Implementing rules for detecting and cleansing incorrect data is almost always done by BI specialists and not by business users themselves. Is that going to change with the introduction of self-service data preparation tools?
Most tools for data profiling and data cleansing are designed for BI specialists. They can be quite technical in spite of the fact that business users are involved in the process of preparing data. Their input is needed to determine what’s correct and what’s not.
But, as we all know, the world of BI is changing. Business users want to do more themselves. Just consider the ever-increasing popularity of self-service data visualization tools, such as Qlikview, Spotfire, and Tableau Today, even self-service data integration tools exist.

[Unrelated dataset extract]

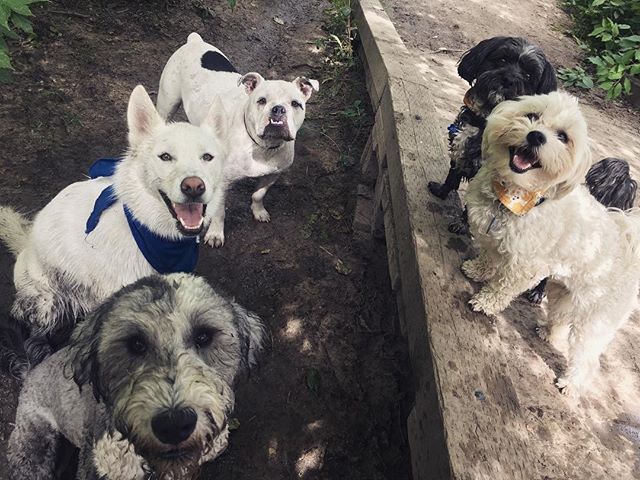 🐶🐶🐶🐶🐶😍 #somanycuties #puppysmilesarethebest #puppylove&hearts;️🐾💖💫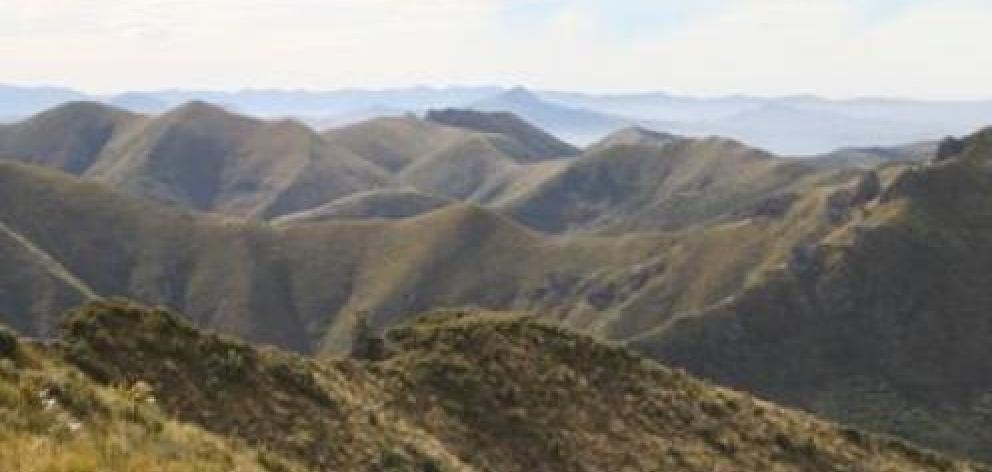 The pair set out for a tramp in Silver Peaks yesterday. Photo: ODT files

In addition, business users are becoming more and more interested in data sources available on the internet, such as social media data and open data. If they want to integrate this external data with internal data stored in the data warehouse environment, they have to ask the BI specialists to help them out. The specialists will be responsible for defining rules and developing ETL logic to clean that external data and to integrate it with the internal data. This all takes quite some time. It may take so much time, that analyzing that data becomes irrelevant because the business opportunity has passed.
Recently, products such as Paxata, Informatica’s Springbok, and Trifacta have been introduced that allow business users to prepare the data themselves. All three have specifically been developed for business users. This is not limited to having an easy-to-use interface, the tools include functionality that guides the business users in the data preparation process. For example, if users are looking at a column with city names, Paxata automatically suggests which names look identical and should probably be seen as identical. Next, it proposes a solution that automatically changes the names that are incorrectly spelled to the correct one. Various machine learning algorithms are deployed. The product is overloaded with such features. Note that Paxata doesn’t correct the data. The preparation rules defined by the business users are implemented as filters. Users can let the tool create an extract with the corrected data. The extract can then be used for analytics and reporting.
Making data preparation available to the business users speeds up the use of external data sources and improves the time to market for certain reports and analytical exercises. The challenge remains how this user-oriented data preparation can coincide with the more traditional data warehouse environment.